A simplistic version of the parallelized code, rand_reduction_par.py, is included. There are opportunities for improvement, it is just meant to be a simple example that demonstrates good parallel speedup.

#!/usr/bin/env python3
# Parallel version of rand_reduction.py Performs a sum of `COUNT` random numbers and calculates its standard deviation.
#
# Wirawan's parallel version #2 (2021-02-08)
# * Using range_decomp version "1"
# * Arrays are replicated across workers
# * Using mpi_send to ship out only array bounds
#
"""
Simplistic MPI parallelized version of rand_reduction.py that can be improved.

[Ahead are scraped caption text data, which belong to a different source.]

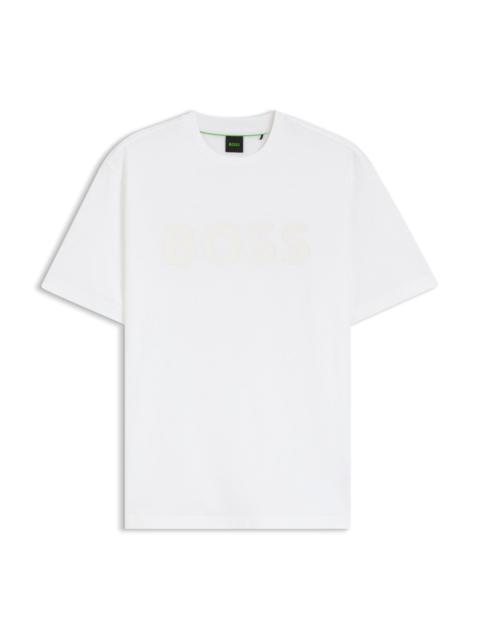 BOSS COTTON T-SHIRT WITH TONAL LOGO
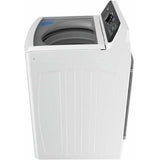 Midea - 4.4 CF Top Load Washer, Agitator, Stainless Tub - MLTW44A4BWW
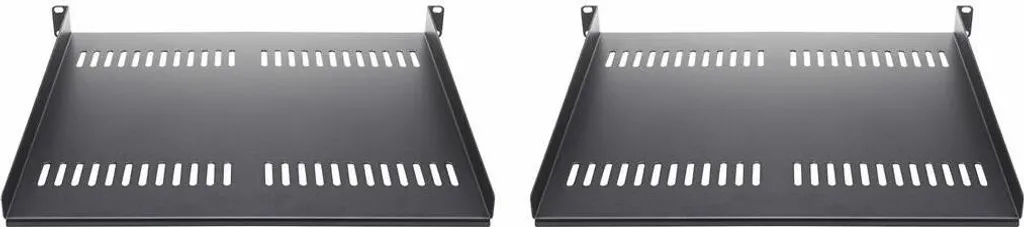 StarTech.com CABSHELF116V2PK Pack de 2 Étagères Rack 1U Ventilé 16"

* No specific-part timings
* Data array was not distributed, but replicated
"""

import sys
import time
import numpy

from mpi4py import MPI

t1 = time.time()

# MPI initialization
comm = MPI.COMM_WORLD
size = comm.Get_size()
rank = comm.Get_rank()

# Randomly generate numbers to sum over: but with definite seed
# to let us compare results
if rank == 0:
    COUNT = 10000000
    SEED = COUNT    # random seed is the same as COUNT

    numpy.random.seed(SEED)
    NUMBERS = numpy.random.random((COUNT,))
else:
    # Assign them with dummy values because the var names must exist
    # on bcast below
    COUNT = None
    SEED = None
    NUMBERS = None

# Replicate the following data to all workers
count_g = comm.bcast(COUNT, root=0)
seed_g = comm.bcast(SEED, root=0)
numbers_g = comm.bcast(NUMBERS, root=0)

t2 = time.time()
gen_time = t2 - t1

### PROBLEM DECOMPOSITION
# Decompose the range into pieces for each worker to process

if rank == 0:
    # determine array's lower and (exclusive) upper bounds 
    L = [ 0 ] * size
    U = [ 0 ] * size
    for r in range(size):
        L[r] = COUNT * r // size
        U[r] = COUNT * (r + 1) // size

# Divvy up work: use sends (to all other worker nodes) and
# receive on the other worker's end

if rank == 0:        
    for r in range(1, size):
        comm.send(L[r], dest=r, tag=1)
        comm.send(U[r], dest=r, tag=2)

    # pass on the local worker's data:
    lb_w = L[0]
    ub_w = U[0]
else:
    lb_w = comm.recv(source=0, tag=1)
    ub_w = comm.recv(source=0, tag=2)

# Get the portion of the work on each worker
# numbers_w will be the array of data assigned to this worker
# to sum over:
numbers_w = numbers_g[lb_w : ub_w]

# beware that the indices in numbers_w will be 0, 1, 2, ... again
# and not lb_w, lb_w+1, ...

print("Rank", rank, "will sum", len(numbers_w), "numbers")
if len(numbers_w) > 6:
    print("Rank", rank, ": numbers to sum: ", numbers_w[:3], "...", numbers_w[-3:])
else:
    print("Rank", rank, ": numbers to sum: ", numbers_w)

### DO WORK HERE
# Do the sum in parallel

# Compute the sum of the numbers (--> sum_w)
# and the sum of the square of the numbres (--> sum2_w).
# We could have used the `sum` built-in function here;
# but we choose the slower route so that we can "feel" the work.
sum_w = 0
sum2_w = 0
for n in numbers_w:
    sum_w += n
    sum2_w += n * n

# Report the temporary results here
print("Rank", rank, ": sum of numbers: ", sum_w)
print("Rank", rank, ": sum of squares: ", sum2_w)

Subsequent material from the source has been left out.